La “nicchia d’ingresso” (garitta di guardia per [a]) sarebbe dedicata alla
deposizione della persona (santo o eroe) al quale il nuraghe stesso era
dedicato.
[c] Ipotesi astronomiche. I nuraghi sarebbero stati costruiti da una popolazione che conosceva
bene l’astonomia ed i movimenti dei corpi celesti. Sarebbero orientati secondo
costellazioni precise, o fasi lunari e/o solari particolari; persino alcune
aperture nella loro struttura sarebbero state prodotte ad arte per sfruttarne
volutamente l’effetto, con l’ingresso della luce in determinati momenti. Lo scopo sarebbe in parte come in [b]
ed in parte il riconoscimento di date importanti per l’agricoltura.
[d] Ipotesi multifunzionali. Nelle varie versioni, si tratterebbe di costruzioni con più funzioni
identificative e rappresentative
del benessere e dello stato sociale di ciascuna comunità di sardi, in una
società divisa dall’orografia dell’isola, ma esprimente un’identità culturale
di fondo. Intorno al nuraghe, si sarebbero svolte le attività utili e
aggregative sociali d’ogni tipo: da quelle più quotidiane ed abituali a quelle
periodiche e saltuarie od eccezionali. Secondo questa ipotesi, il nuraghe
poteva servire come
- “status symbol” (indicatore della ricchezza, con
implicazioni anche di [a] per difesa passiva e deterrente),
- come punto di osservazione per i residenti e punto
di riferimento per i visitatori che venissero da lontano (“punto cospicuo”),
- ma
anche come “punto fisso” di trasmissione e ricezione dei segnali [a],
- come
deposito redistributivo delle risorse in una società già discretamente
stratificata e differenziata nei ruoli (“granaio”), non più allo stato di
tribù, ma più vicina alla situazione di Chefferie (pre-Stato).

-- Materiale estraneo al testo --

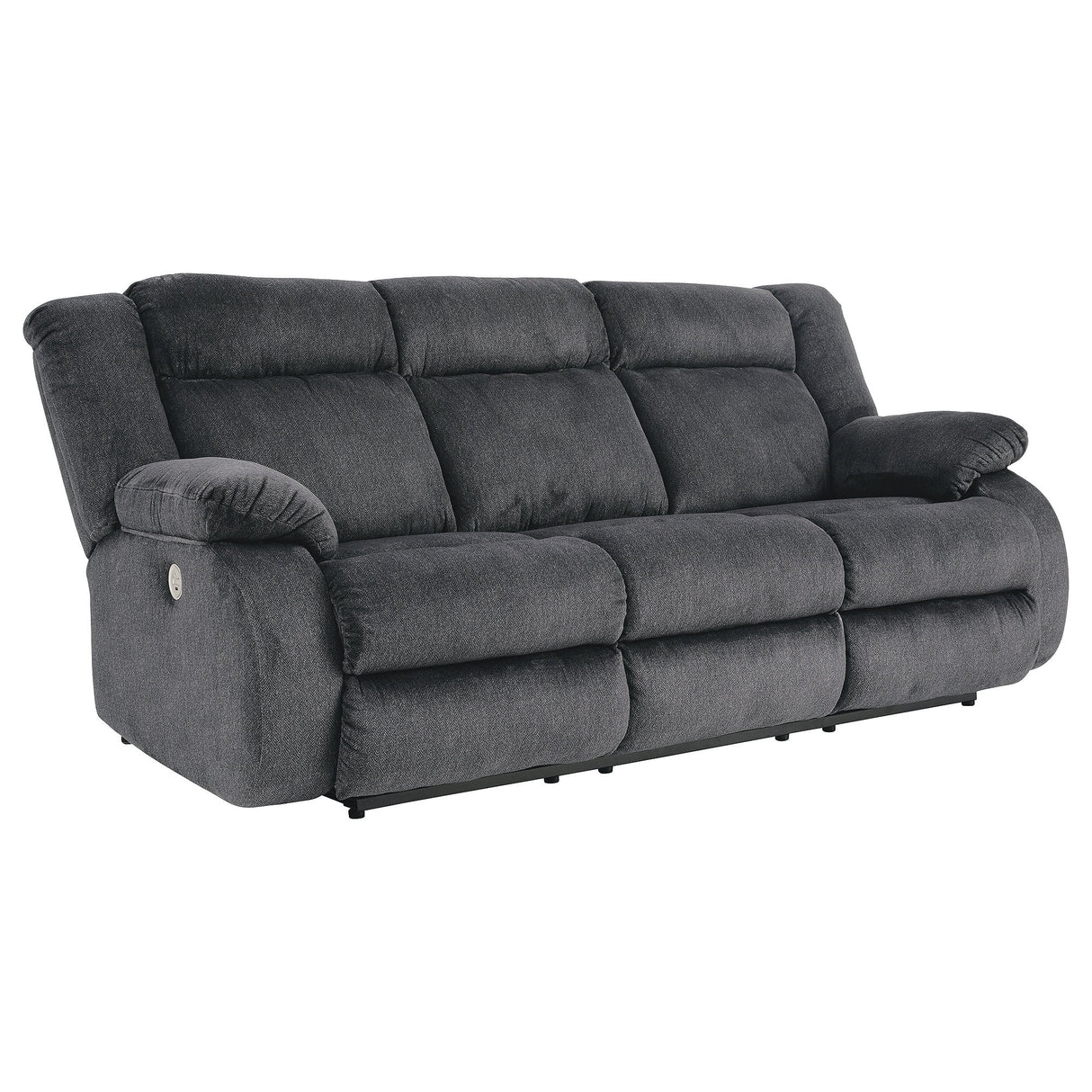 Burkner Dark Grey Reclining Power Sofa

[e] Ipotesi abitative (d’elite?). Chi sostiene questa ipotesi parte dalla
considerazione che, così come appaiono adesso, i nuraghi sono oggi poveri resti
spogli di ciò che invece erano all’inizio. E’ lecito pensare che – durante il
loro uso – fossero invece coibentati con vari materiali (sughero, strame e
fango, pellicce: esattamente come le capanne nuragiche: quelle sì, vere
abitazioni), partiti da soppalchi e tramezzi in legno (verticalmente ed
orizzontalmente) e completati da terrazzature lignee, corde, stuoie, tappeti,
arredati da suppellettili, lampade e tessuti, oltre che da oggetti d’uso e
forse anche intonacati e dipinti. Tutto ciò – insieme alla presenza documentata
di alcune vene d’acqua talvolta accessibili ancora oggi all’interno di alcuni
nuraghi – avrebbe influito positivamente anche sull’abitabilità,
oggi scarsa, in verità, di tali strutture.